◆ **WORK TO COMPLETE**
Consider the listing below. Extract exactly the lines from the line containing "Dog Harness product image 19" to the line containing "Turquoise Lingerie Elastics", both included.

◆ **DATA PROVIDED**
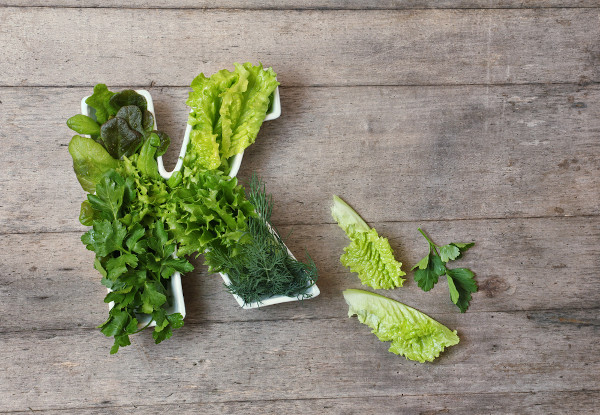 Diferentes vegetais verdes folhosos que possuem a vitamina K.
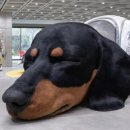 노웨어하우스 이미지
...
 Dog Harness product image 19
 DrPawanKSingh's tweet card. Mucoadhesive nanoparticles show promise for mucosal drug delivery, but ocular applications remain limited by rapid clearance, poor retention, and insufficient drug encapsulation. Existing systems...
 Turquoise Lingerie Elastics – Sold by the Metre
---
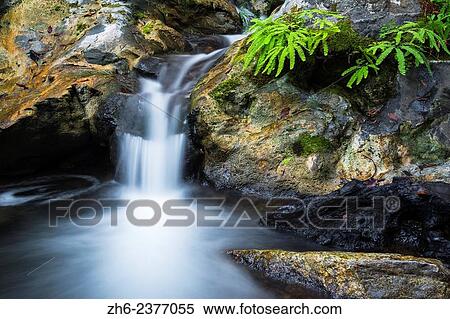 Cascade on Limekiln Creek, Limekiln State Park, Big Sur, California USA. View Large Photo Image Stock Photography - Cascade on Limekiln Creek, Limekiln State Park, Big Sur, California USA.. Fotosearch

◆ **RESPONSE BOX**
 Dog Harness product image 19
 DrPawanKSingh's tweet card. Mucoadhesive nanoparticles show promise for mucosal drug delivery, but ocular applications remain limited by rapid clearance, poor retention, and insufficient drug encapsulation. Existing systems...
 Turquoise Lingerie Elastics – Sold by the Metre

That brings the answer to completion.